WORK INSTRUCTIONS —
Copy out the listing that follows exactly, dropping every picture.

GIVEN DATA —
—————
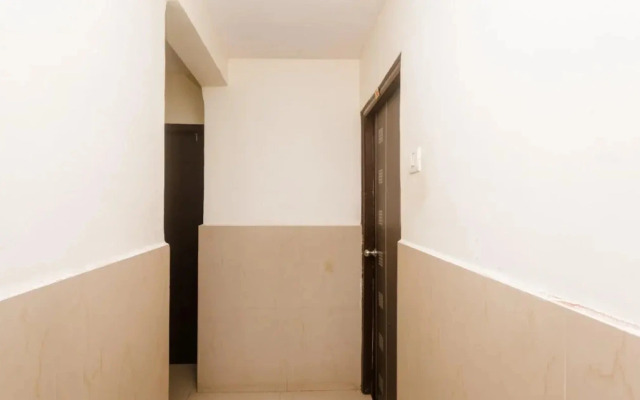 OYO 23285 The Diplomat Lodging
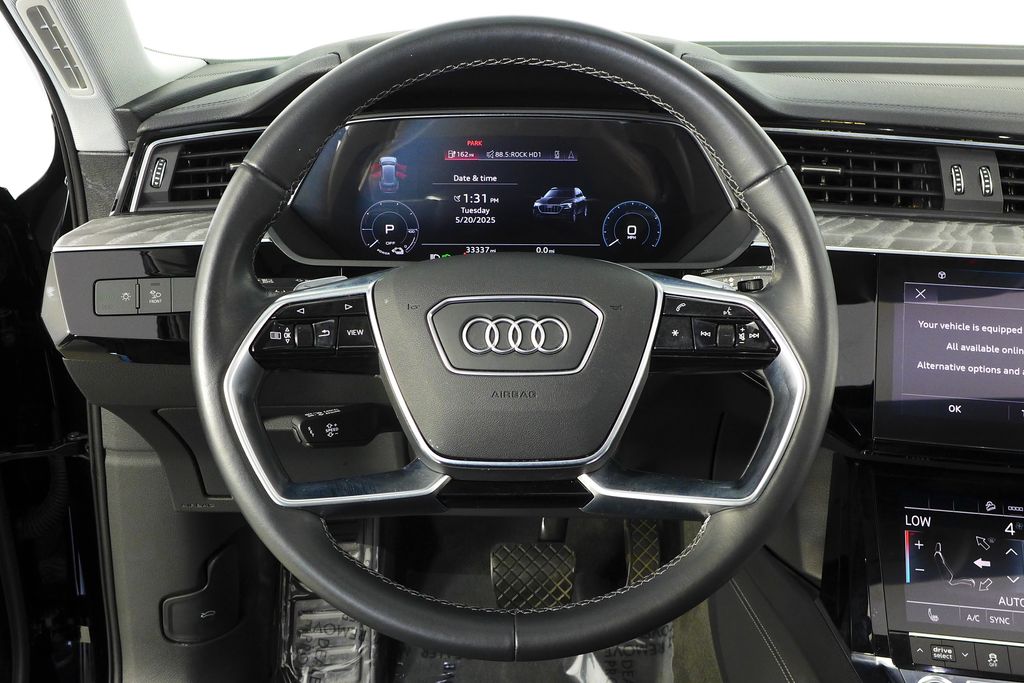Vehicle image 27 of 30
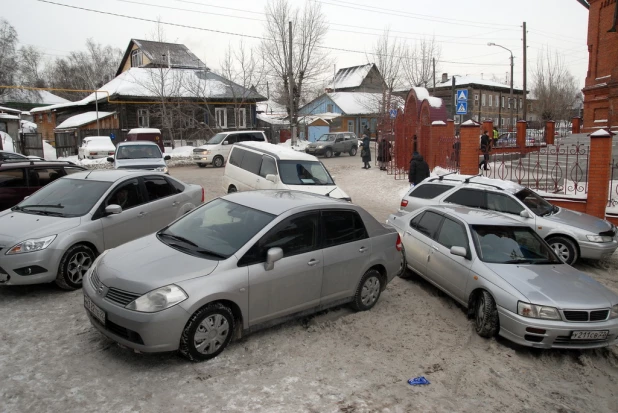 Барнаульцы пришли за святой водой. 19 января 2015.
—————
SOLUTION FOR THIS PROBLEM —
 OYO 23285 The Diplomat Lodging
Vehicle image 27 of 30
 Барнаульцы пришли за святой водой. 19 января 2015.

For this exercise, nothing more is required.